Not written down in my spiral-bound steno pad is that we greeted each other heartily outside Citi Field ten times.

That we embraced as people who were close to one another did until 2020.

That we grumbled our way through security; me, mostly.

That once safely within the circular walls of the Jackie Robinson Rotunda, Ryder and I immediately wandered deep into “what’s wrong with the Mets?” (or a couple of times the inverse) territory while Stephanie and Rob presumably talked about other, less pressing matters.

That we decided what we were gonna get to eat and, if it differed, where we were gonna meet so we could eat it together and talk some more between bites.

That one time Rob amazingly managed to get us on the field for batting practice and Ryder snagged autographs from Jordany Valdespin and Justin Turner.

That another time we wound up sitting behind some thin blonde woman who never once looked up at the game because she was too busy tweeting literal Fox News talking points at all who dared argue with the positions she steadily tapped out, spectacularly oblivious to the big league baseball unfolding not too many rows in front of her. Shocked that somebody could care that little for the Mets or their foes, I squinted over her shoulder at her phone and deduced the disinterested filler of this perfectly good ballpark seat was Fox News talking head Kayleigh McEnany. I had never heard of Fox News talking head Kayleigh McEnany until then, but I looked her up when I got home and learned she was dating or maybe already engaged to Met reliever Sean Gilmartin, which I guess explained why she was there. They later married despite her apparent lack of emotional investment in his profession (I understand she holds a government job these days).

That last year Rob furnished a tenth-anniversary scoreboard message for the Mets to include among their various midgame Happy Birthday greetings.

That I’d keep score for a stray half-inning if Ryder was racing to and racing back from the concessions.

That Rob, Ryder, Stephanie and I would conduct a version of musical chairs a couple of times per game so everybody could talk some to everybody else.

That even when the score fell in the Mets’ favor, we were a little sad the game was over because we did this only once a year and now it was done, but we were inevitably cheered that we knew we’d be back out here same time next year, more or less.

Much less, it turned out this year, but the Zoom was the next best thing. As we wound down our video meeting, we discussed whether it counted, if it could in fact enter The Log II. The provisional decision reached was maybe in pencil. It’s not ink, but it’s not nothing.

That was Tuesday. I haven’t written it down yet. I don’t know if I will. Really, I don’t think I have to. We know we kept our thing going. Eleven in a row, just like it says on the cake.
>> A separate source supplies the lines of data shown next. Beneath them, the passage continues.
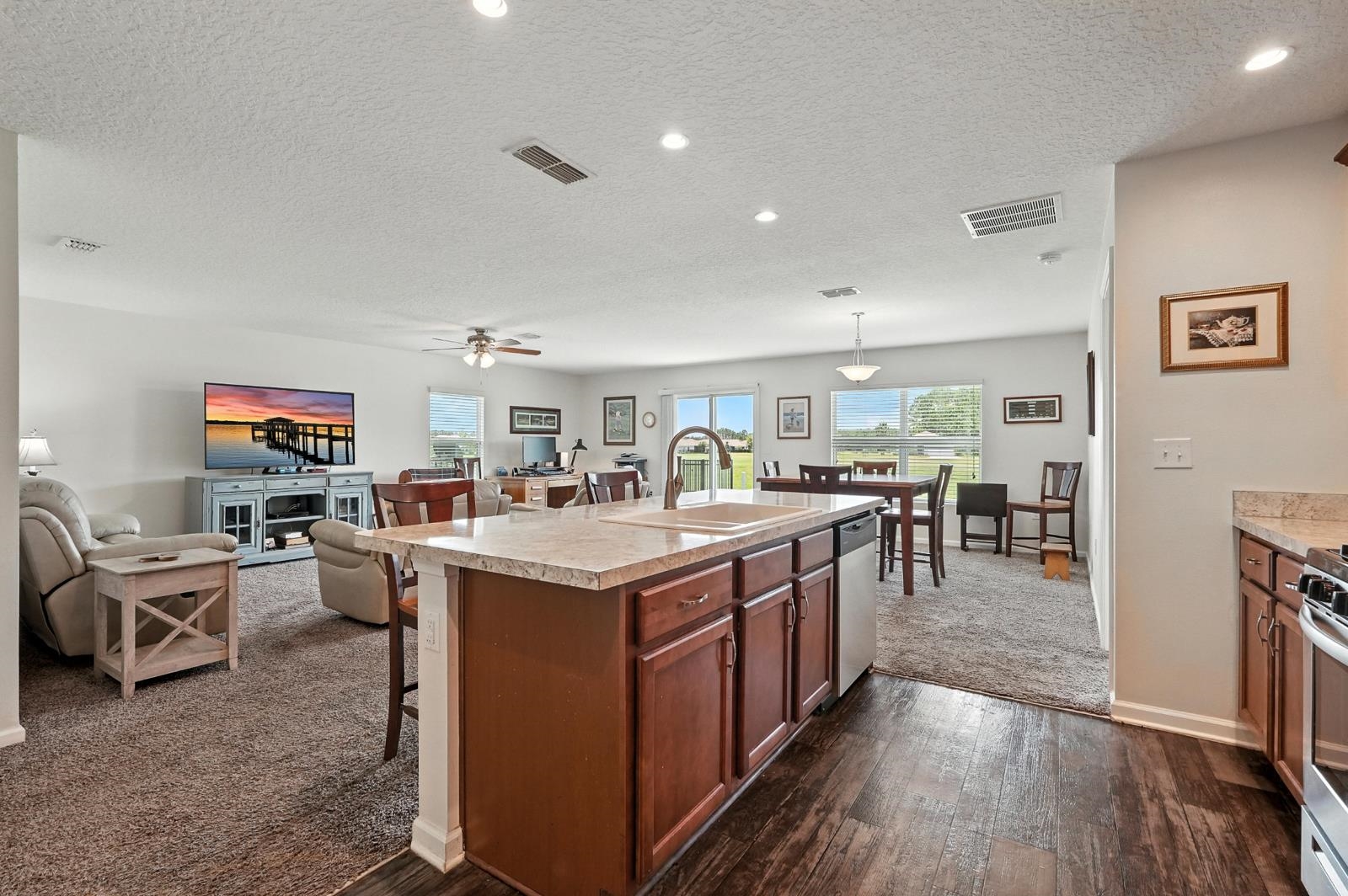 Image 15 of 59 For 119 Fairway Ct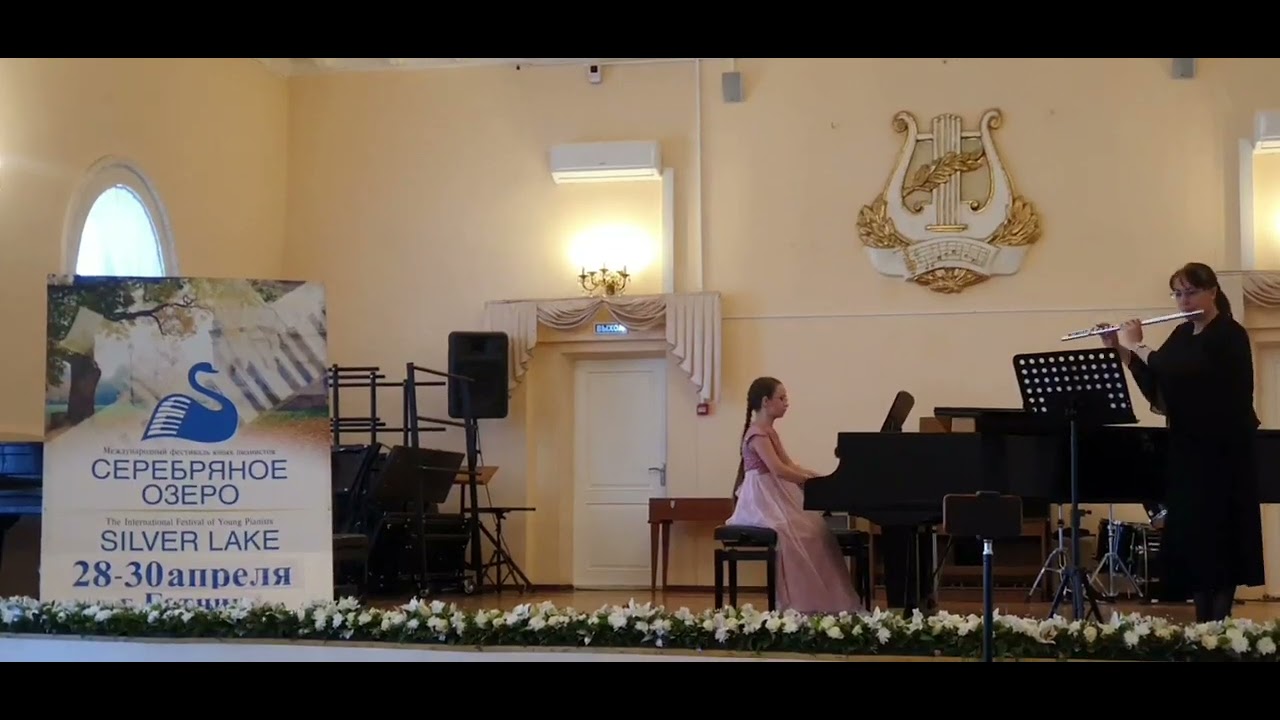 Г. Портнов \"Голубая лагуна\", исп. Вавричина Анастасия, Харыбина И. С ...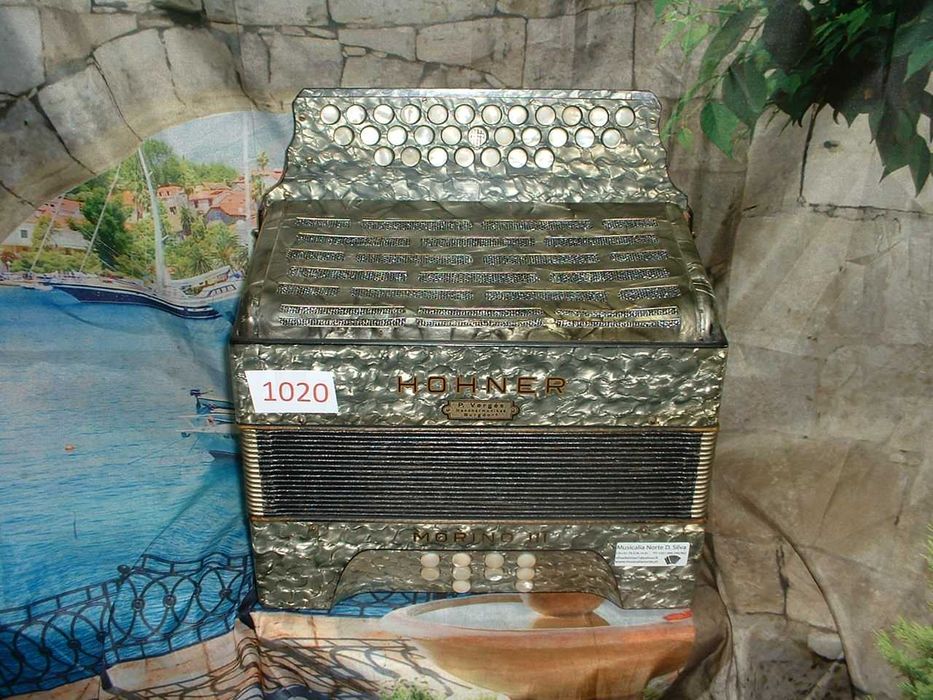 Concertina para venda N, 1020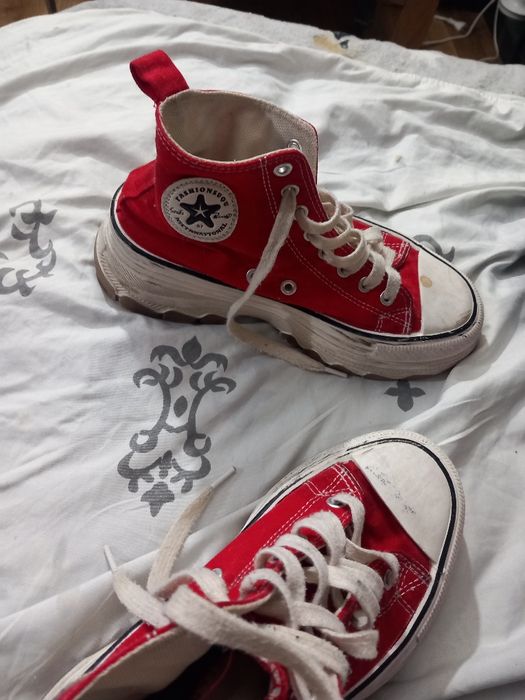 Tenesi platformă nr 40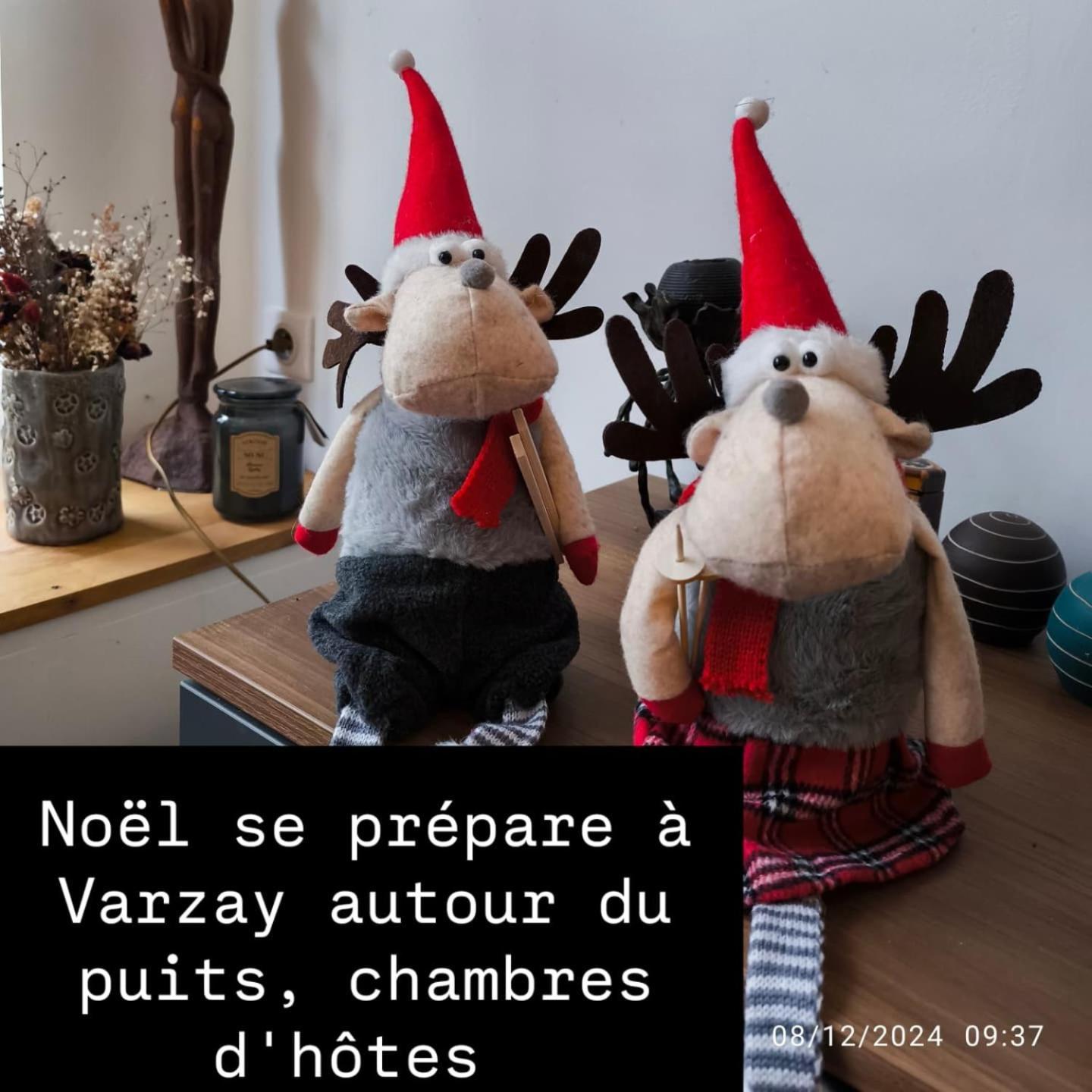 Varzay Autour Du Puits Esterno foto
Next year? Twelve in Flushing. I won’t count on it, but I will hope.

1 comment to What Counts

  • Daniel Hall

    Lots to unpack in this one! :D :D

    First, you know some good people. I’d also like to know people sending cake to my place at the start of a Mets game. =) With the cake, the game definitely counts. Everything counts in large amounts.

    Yes, it’s an asterisk season. But should it live to see the end of itself in World Series form, you bet the winning team will not put an asterisk on the banner they’ll put up in ’21. You can enter this game into The Log II with an asterisk, but you don’t have to.

    I wonder what a Jordany Valdespin autograph fetches at auction. I mean, they must be rather rare.

    Gilmartin, though, huh? Didn’t know what kind of company he had fallen into, besides the Orioles. (Didn’t even know he still had a job in MLB!) … Oh well, at least you sat *behind* the person that’s now shovelling #45’s droppings…

    Not least of all wonders – the Mets won a ballgame!?